Five minutes later, Olive stomped back into the kitchen, where Frederick, Augustus and Adolphus were poring over Ethel’s script and asking her to recite certain parts. Olive immediately interrupted the little rehearsal by slamming the book down on the counter, sending a cloud of dust wafting up into the air.

            “You call this rubbish the greatest love story of all time?” she cried, jabbing at the cover of the book with her forefinger. “It’s all nonsense! You can’t make sense of most of the words they’re saying! Who in their right mind would be able to get any kind of meaning out of this sort of drivel; that’s what I’d like to know! All ‘thou art’ this and ‘thou wilt’ that! And what’s this I’ve been reading about biting thumbs?”

            “That was rude in Shakespearean times,” Frederick said quickly. “It still is in some countries. Basically Abraham and Sampson were being rude to one another because one was a Montague and one was a Capulet…”

            “Who?” Olive interrupted.

            “Abraham and Sampson,” Frederick repeated. “You know, the characters who were talking to one another?”

            “Load of rubbish,” Olive muttered again. “Why did this Shakespeare give his characters such stupid names, anyway?
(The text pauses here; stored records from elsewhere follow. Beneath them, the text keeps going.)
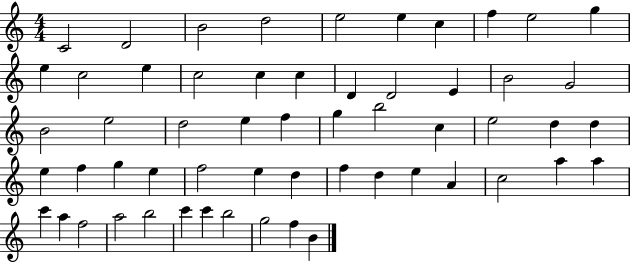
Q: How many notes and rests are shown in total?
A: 57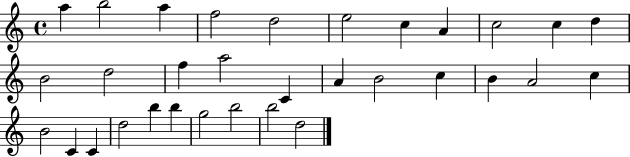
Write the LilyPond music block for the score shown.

{
  \clef treble
  \time 4/4
  \defaultTimeSignature
  \key c \major
  a''4 b''2 a''4 | f''2 d''2 | e''2 c''4 a'4 | c''2 c''4 d''4 | \break b'2 d''2 | f''4 a''2 c'4 | a'4 b'2 c''4 | b'4 a'2 c''4 | \break b'2 c'4 c'4 | d''2 b''4 b''4 | g''2 b''2 | b''2 d''2 | \break \bar "|."
}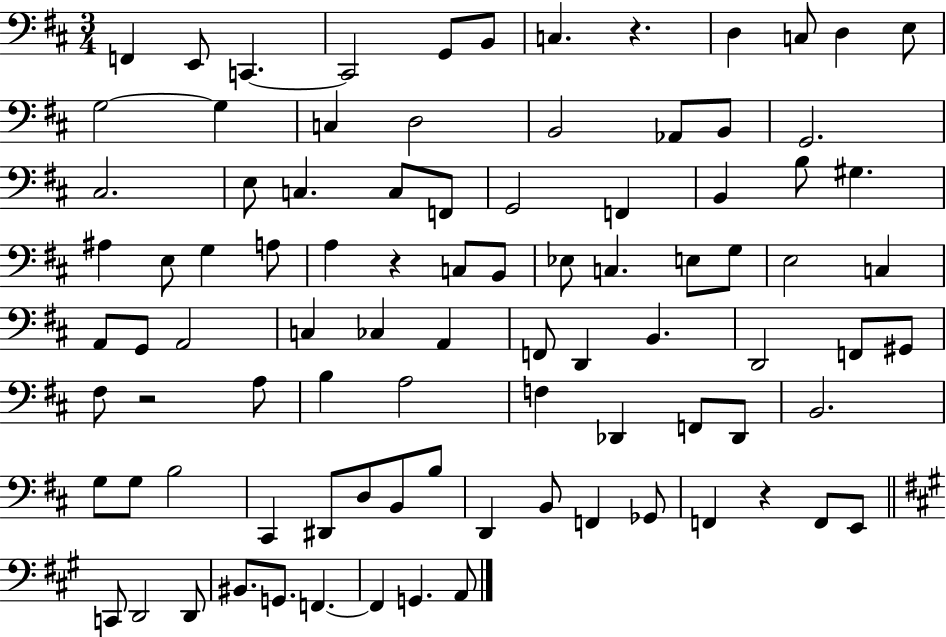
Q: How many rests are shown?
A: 4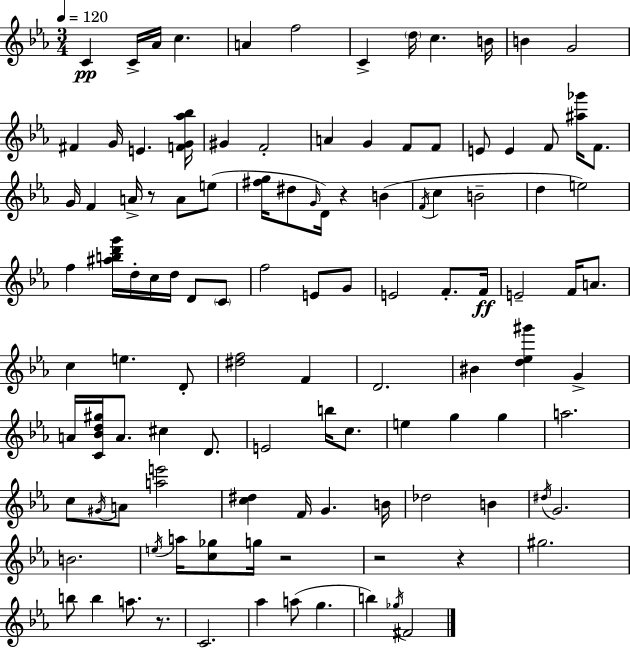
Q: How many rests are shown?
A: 6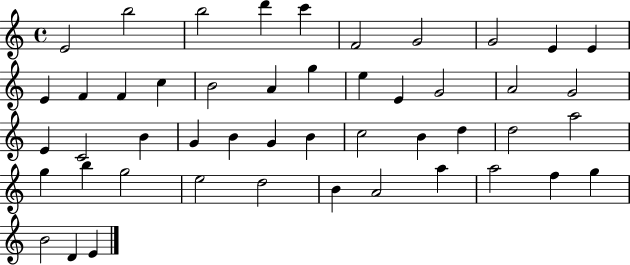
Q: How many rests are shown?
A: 0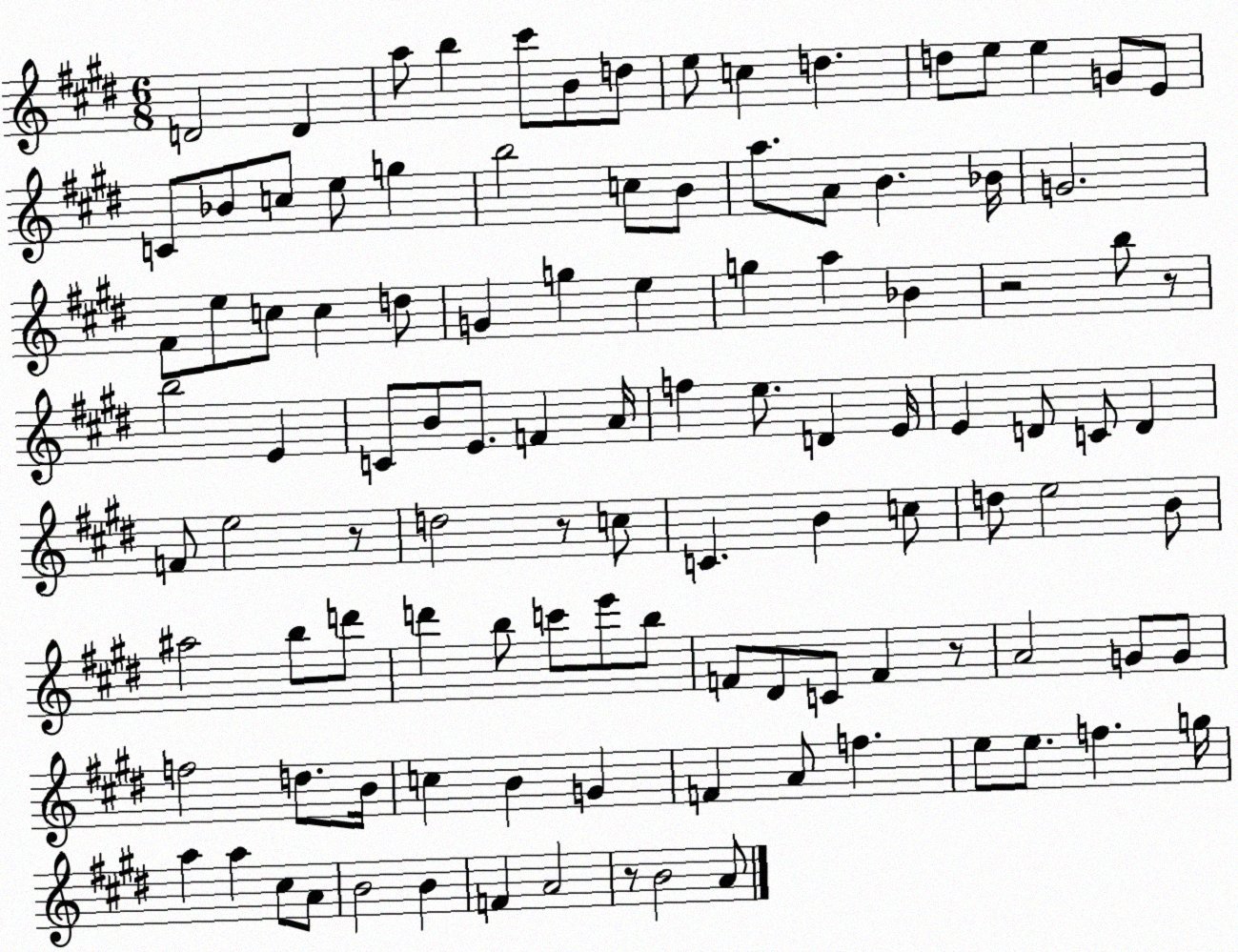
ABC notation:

X:1
T:Untitled
M:6/8
L:1/4
K:E
D2 D a/2 b ^c'/2 B/2 d/2 e/2 c d d/2 e/2 e G/2 E/2 C/2 _B/2 c/2 e/2 g b2 c/2 B/2 a/2 A/2 B _B/4 G2 ^F/2 e/2 c/2 c d/2 G g e g a _B z2 b/2 z/2 b2 E C/2 B/2 E/2 F A/4 f e/2 D E/4 E D/2 C/2 D F/2 e2 z/2 d2 z/2 c/2 C B c/2 d/2 e2 B/2 ^a2 b/2 d'/2 d' b/2 c'/2 e'/2 b/2 F/2 ^D/2 C/2 F z/2 A2 G/2 G/2 f2 d/2 B/4 c B G F A/2 f e/2 e/2 f g/4 a a ^c/2 A/2 B2 B F A2 z/2 B2 A/2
Abraham! Sampson! Balthazar! Chorus! What was he playing at?”

            “They’re not stupid,” Frederick said, sounding mildly hurt. “Shakespeare was a genius, Olive!”

            “If this is what you call genius, Fred, you must have really low expectations,” Olive grumbled just as her son padded into the room and picked up the book. “If Ethel’s in this play, who’s going to want to come and see it if all she’s going to be talking about is this sort of thing?”

            “I will!” Frederick said defensively. “Anyway, they’re not making the kids recite the whole play. They’re only eight, after all. They’re doing a simplified version. But seriously, how can you hate Shakespeare when James’s named after a Shakespearean character?”

            “I don’t care who or what James’s named after,” Olive growled, peering at James as he looked up from ‘Romeo and Juliet’ for a moment.

            “…And your middle name’s Juliet,” Frederick pointed out.

            “Don’t care,” Olive insisted. “Anyway, I’m not discussing this anymore. I want nothing more to do with that stupid play.”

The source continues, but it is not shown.